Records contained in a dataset
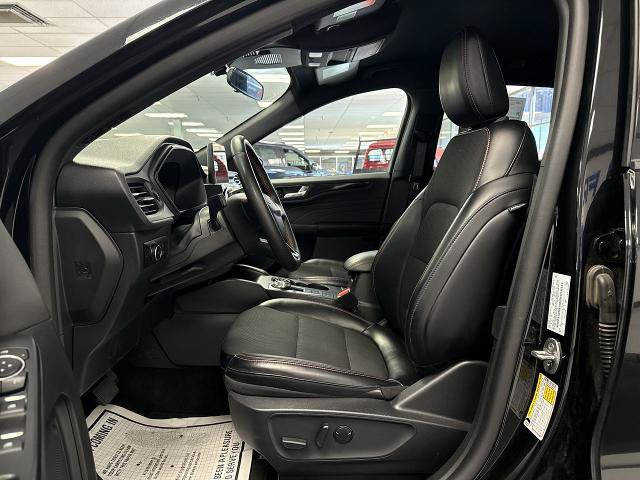Certified 2025 Ford Escape ST-Line Select AWD/4WD image 14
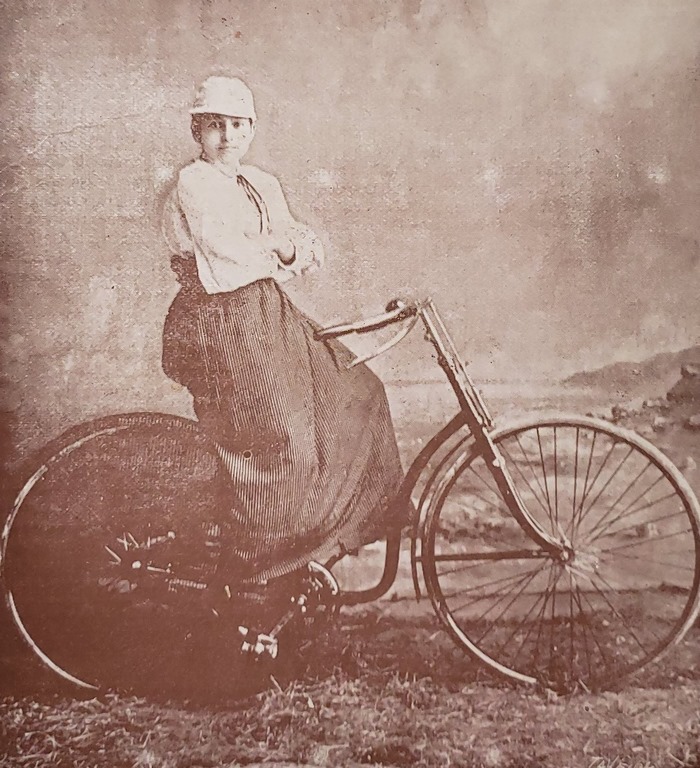 La matancera Julia García Bosch, primera cubana fotografiada mientras montaba su bicicleta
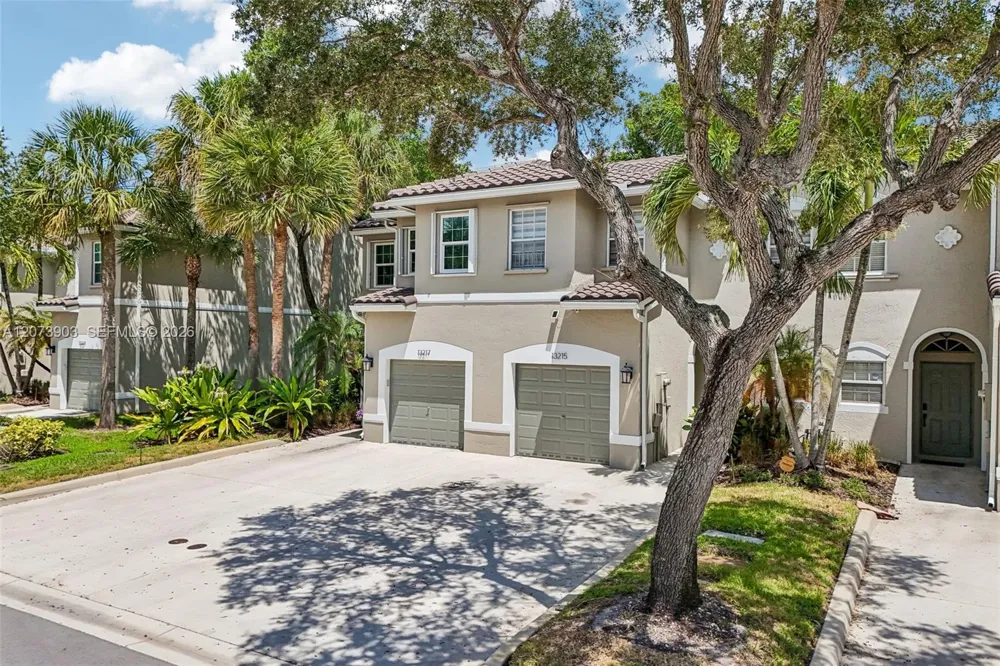 13215 NW 7th Dr Plantation, FL 33325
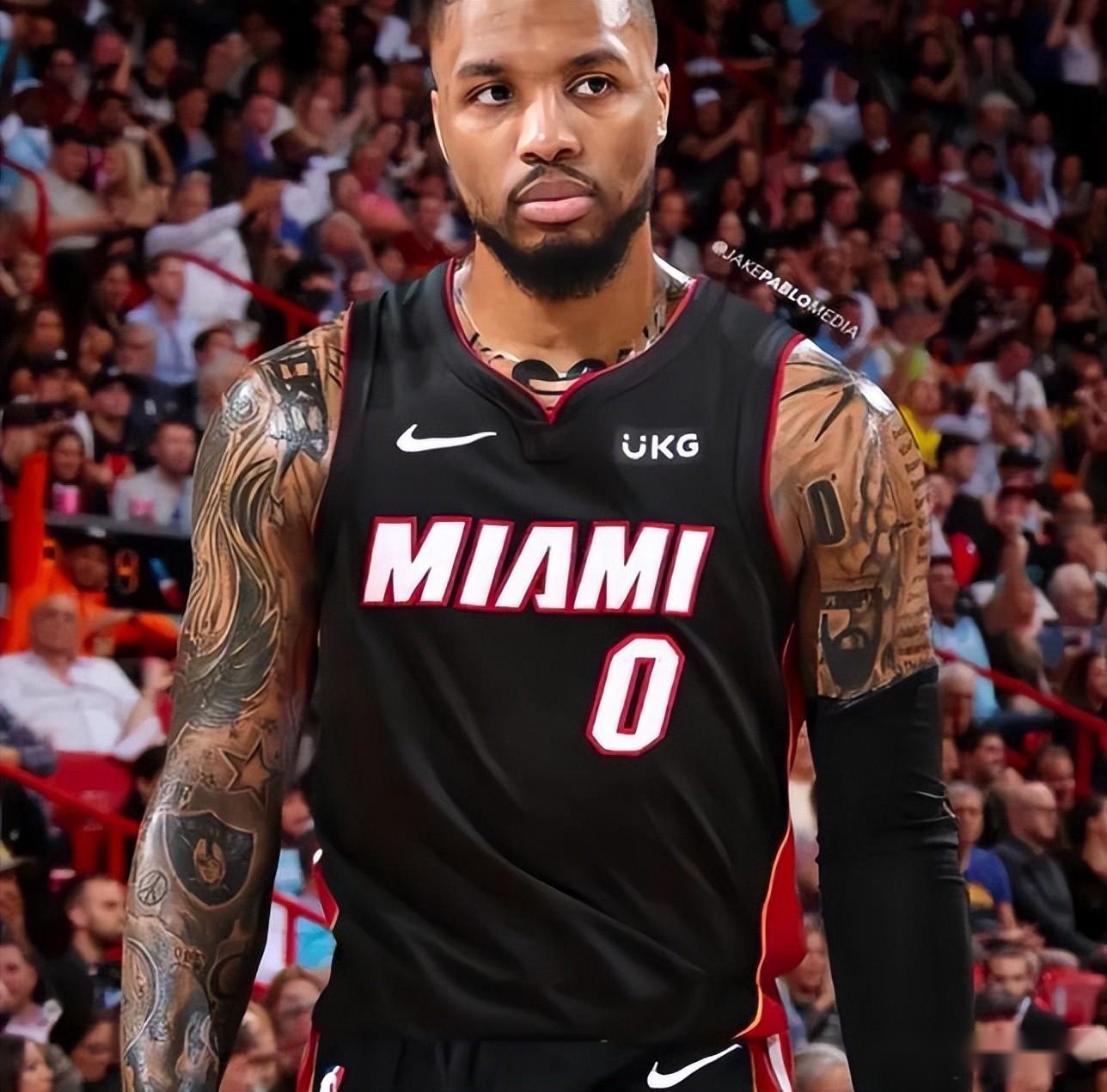 开拓者惨败国王，利拉德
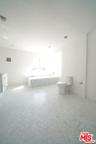 Full Bathroom 1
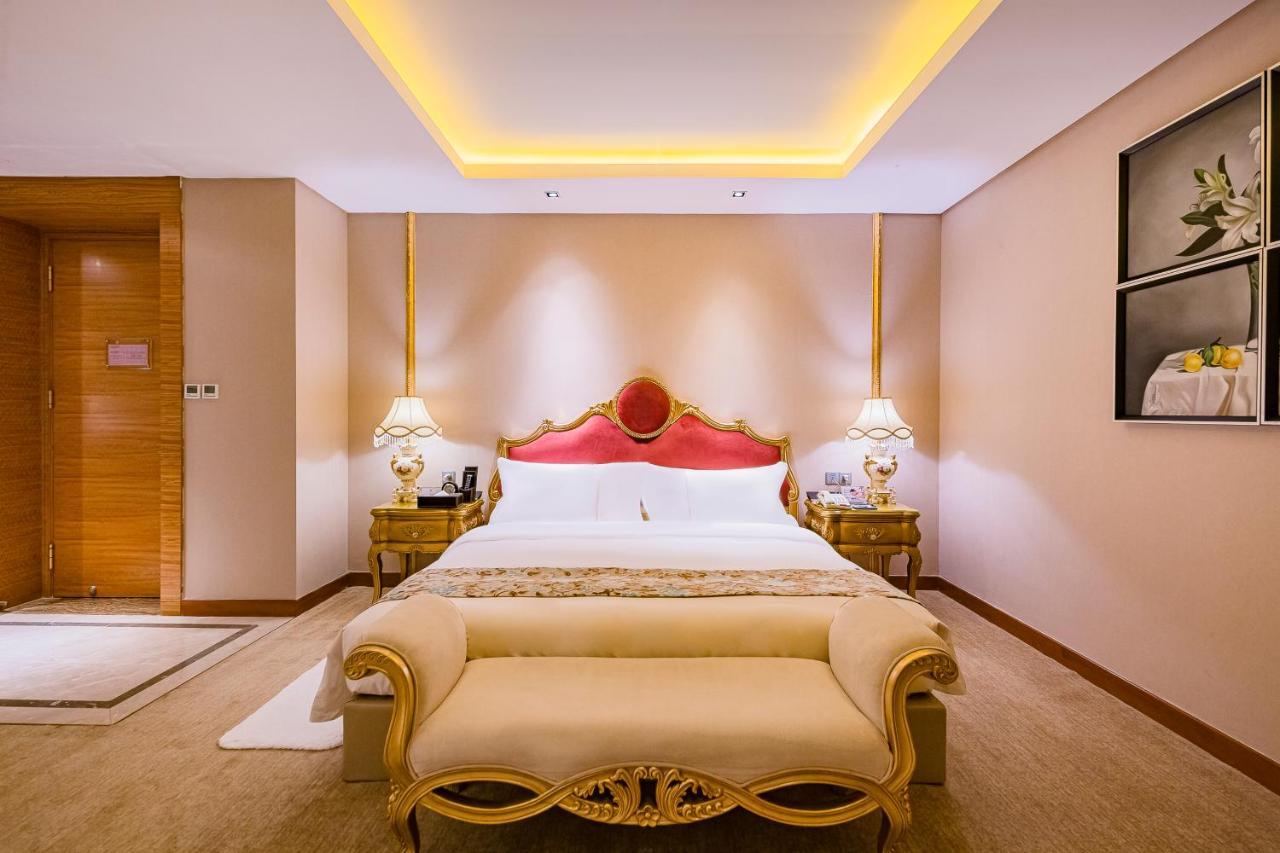 Beijing Palace International Hotel Пекин Екстериор снимка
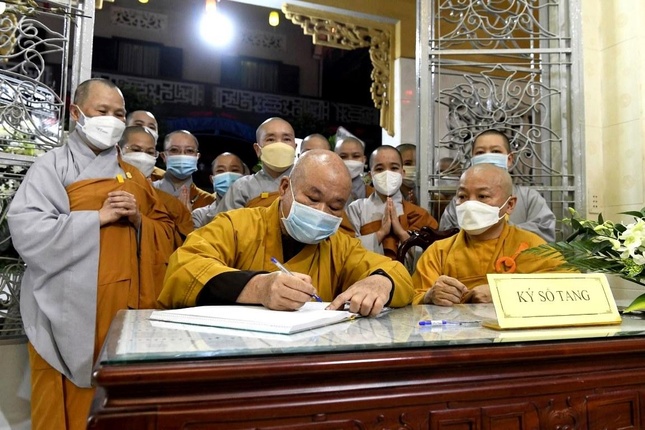 Thượng tọa Thích Phước Đạt, Phó Viện trưởng Học viện Phật giáo VN tại TP.HCM ký sổ tang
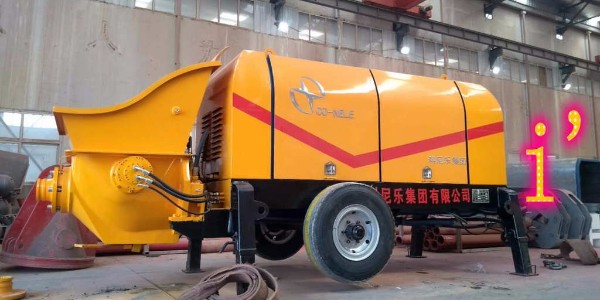 混凝土泵在選擇外加劑時(shí)，需要注意哪些事項(xiàng)？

* **Work order**: Output only the lines from the one that contains "Beijing Palace International" to the end of the entries above, both end lines included, and drop the pictures.

* **Answer box**:
 Beijing Palace International Hotel Пекин Екстериор снимка
 Thượng tọa Thích Phước Đạt, Phó Viện trưởng Học viện Phật giáo VN tại TP.HCM ký sổ tang
 混凝土泵在選擇外加劑時(shí)，需要注意哪些事項(xiàng)？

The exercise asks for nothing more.